▶ _Directions for this task_:
The answer must be an exact reprint of the lines from the one with "Anti-Hepatic lipase antibody" through the final line of the data, with no pictures included.
---------- Records for processing ----------
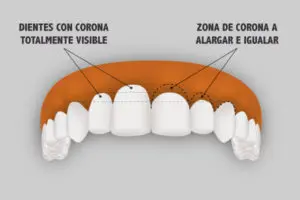 Alargamiento de corona dentaria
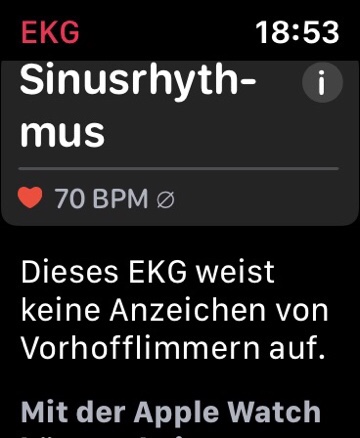 Hinweis auf Ergebnis eines EKGs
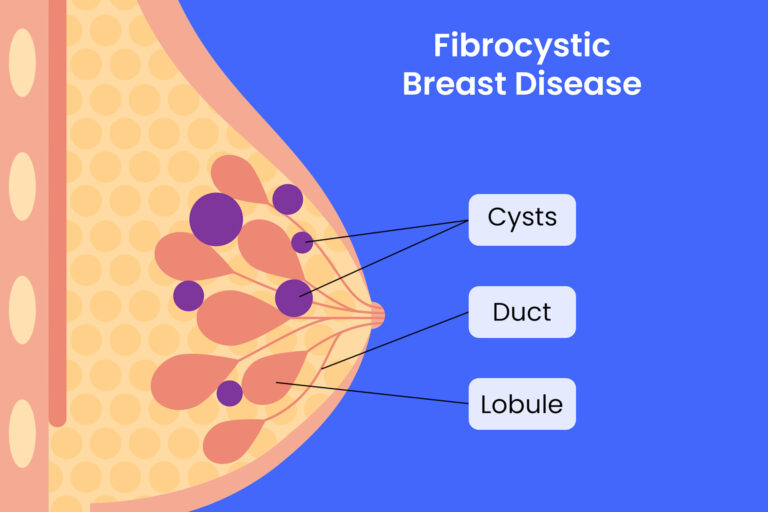Fibrocystic Breast Disease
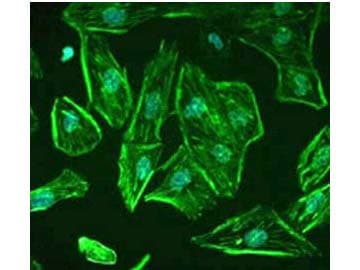 IHC-plus™ ROBO1 Antibody (aa1625-1650)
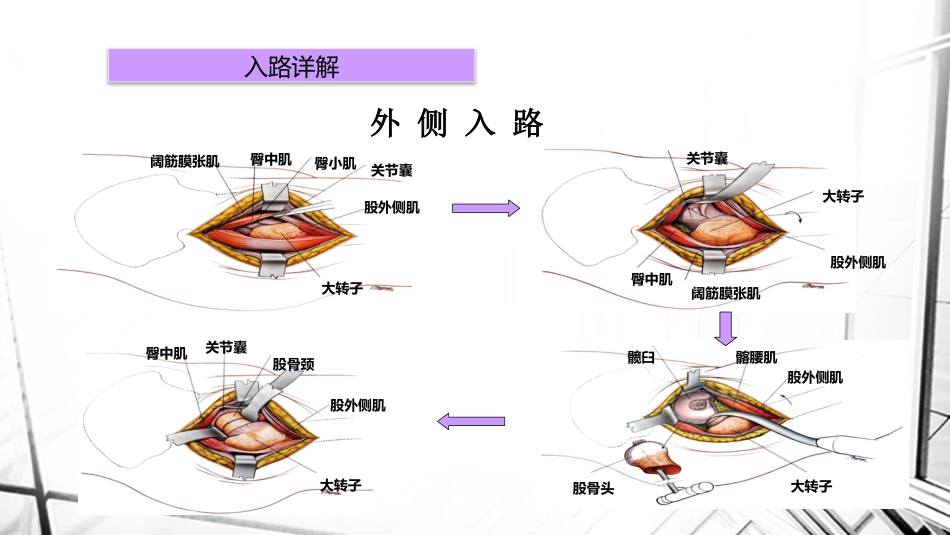 人工全髋关节置换术后脱位_第15页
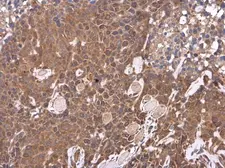Anti-Hepatic lipase antibody [N1C1] used in IHC (Paraffin sections) (IHC-P). GTX110336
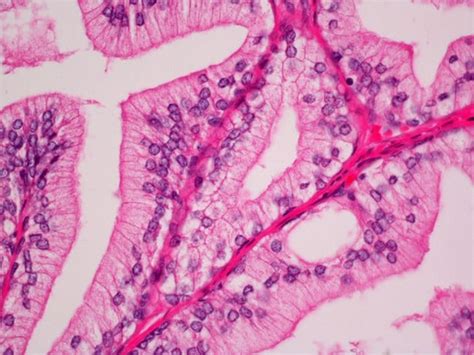 Vector Laboratories Hematoxylin and Eosin Stain Kit, Quantity: Each of | Fisher Scientific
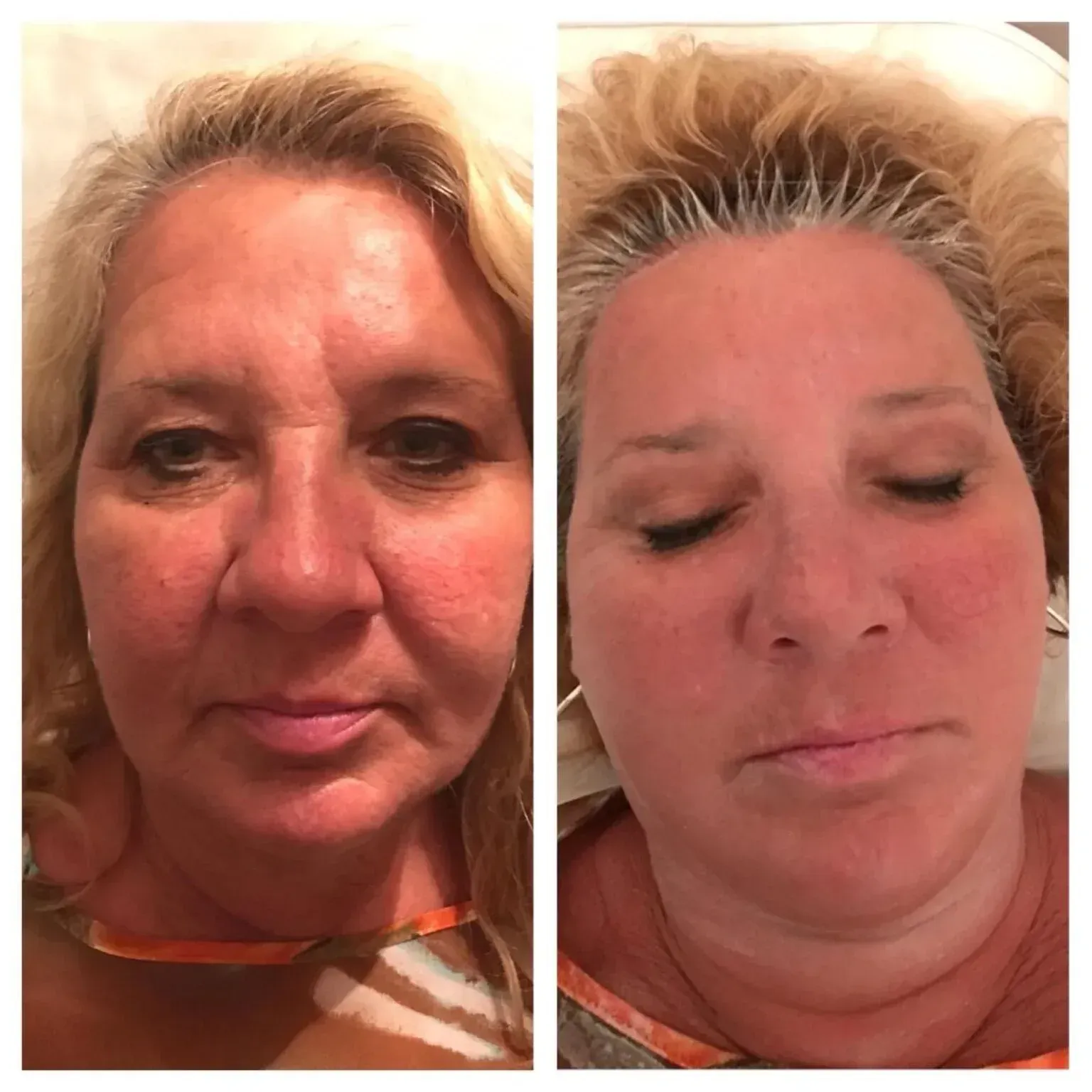 Side-by-side before and after photos of a woman's face. She has blonde hair, and appears relaxed in the after photo.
----------
▶ _Your solution_:
Anti-Hepatic lipase antibody [N1C1] used in IHC (Paraffin sections) (IHC-P). GTX110336
 Vector Laboratories Hematoxylin and Eosin Stain Kit, Quantity: Each of | Fisher Scientific
 Side-by-side before and after photos of a woman's face. She has blonde hair, and appears relaxed in the after photo.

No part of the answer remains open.